# First real life painting in 6 years



## x65943 (Dec 21, 2017)

What do you think?


----------



## CrimsonMaple (Dec 21, 2017)

Looks really nice, but I think you need more paint. Looks kinda like a base layer.


----------



## x65943 (Dec 21, 2017)

CrimsonMaple said:


> Looks really nice, but I think you need more paint. Looks kinda like a base layer.


Thanks. I never had formal training - so I don't know much about painting. How many coats do you think are necessary?


----------



## CrimsonMaple (Dec 21, 2017)

x65943 said:


> Thanks. I never had formal training - so I don't know much about painting. How many coats do you think are necessary?


I haven't had much either ^^;;. It is really up to you. There can be as many layers as you see fit. Just don't show too much of the canvas.


----------



## DinohScene (Dec 21, 2017)

I'm missing the signature strokes that could make a a masterpiece from the 17th century.

Also, showing canvas isn't a bad thing, especially if you can make it work.


----------



## Cyan (Dec 21, 2017)

if you don't put a lot of paint to keep the canvas apparent, don't make area with more paint than everywhere else.
almost all your picture you can see the canvas, except on the couch (and dog's cloth), you put too much red paint, and we can clearly see you were angry or tired of painting.
we can see the "brush stroke" direction are more random. all other places, the brush direction seems to fit the matter/light/texture.

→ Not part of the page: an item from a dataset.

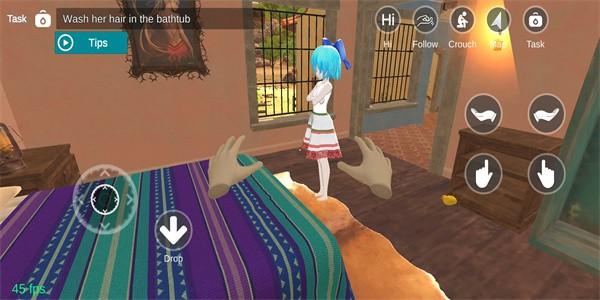 小忍的甜蜜时光最新版 v1.0.2 安卓版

that's probably not easy, but just keep doing it !
make more and do it your own way 
you'll learn from experience.

do you have any 6-year-old painting to show?


----------



## sarkwalvein (Dec 21, 2017)

Hey, doggy.


----------



## jt_1258 (Dec 21, 2017)

wow o.o


----------



## x65943 (Dec 21, 2017)

Cyan said:


> if you don't put a lot of paint to keep the canvas apparent, don't make area with more paint than everywhere else.
> almost all your picture you can see the canvas, except on the couch (and dog's cloth), you put too much red paint, and we can clearly see you were angry or tired of painting.
> we can see the "brush stroke" direction are more random. all other places, the brush direction seems to fit the matter/light/texture.
> 
> ...



Thanks for all the words of advice. I do have some older paintings but again I didn't really know how to paint then either. 

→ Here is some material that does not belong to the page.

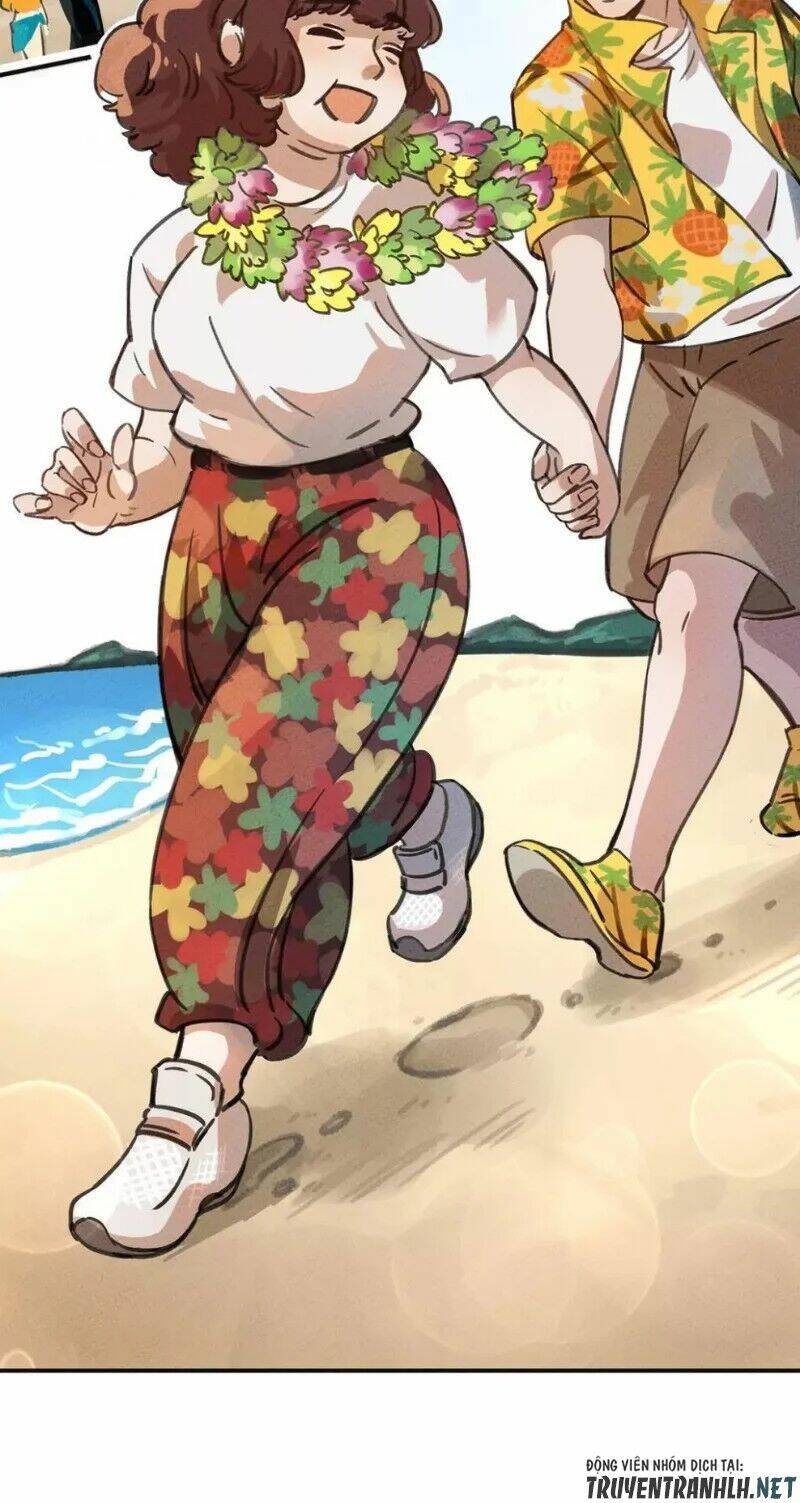 what to do! i have become the weakest little monster chapter 3 17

I have always had a problem in art where I try to do it too fast. I made this painting in a couple hours (and I guess it shows). 

I'll be sure to post for everyone the next one I make, and let me know what you think!

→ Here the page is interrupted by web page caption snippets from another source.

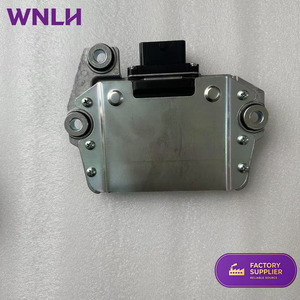 WNLH 129926-75030 4TNV98CT 4TNV98C 4TNV86CT ECU ECM Controlador Marino Placa de Computadora ECU para Maquinaria de Construcción Yanmar - Product Image 2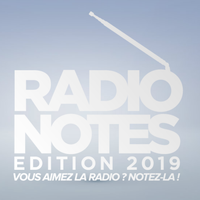 Radio Notes 2019 : Votez pour vos humoristes préférés !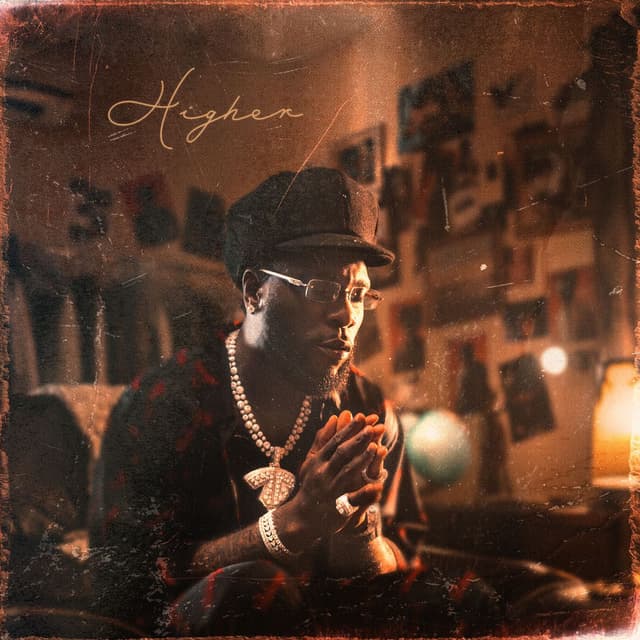 Higher cover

This is the first painting I ever made from 10 years ago.




This is a more fun design with no planning that I made about 6 years ago.


----------



## Cyan (Dec 21, 2017)

I like the first one, it's onirique (seems not an english word, so, dreamlike) and sad.
is it aquarelle ?

which size are these canvas? how did you scan them? it's really flat and well scanned.


----------



## x65943 (Dec 21, 2017)

Cyan said:


> I like the first one, it's onirique (seems not an english word, so, dreamlike) and sad.
> is it aquarelle ?
> 
> which size are these canvas? how did you scan them? it's really flat and well scanned.


Thanks. It's not aquarelle - they are all acrylic, I just happened to use water with the acrylic in the first painting.

These are small canvases - but I am not sure of the dimensions any more as these are very old photos and I have since misplaced the originals (I think my mom sold them after I left for University).

I photographed these, I didn't scan them. I don't have a large enough scanner for that.


----------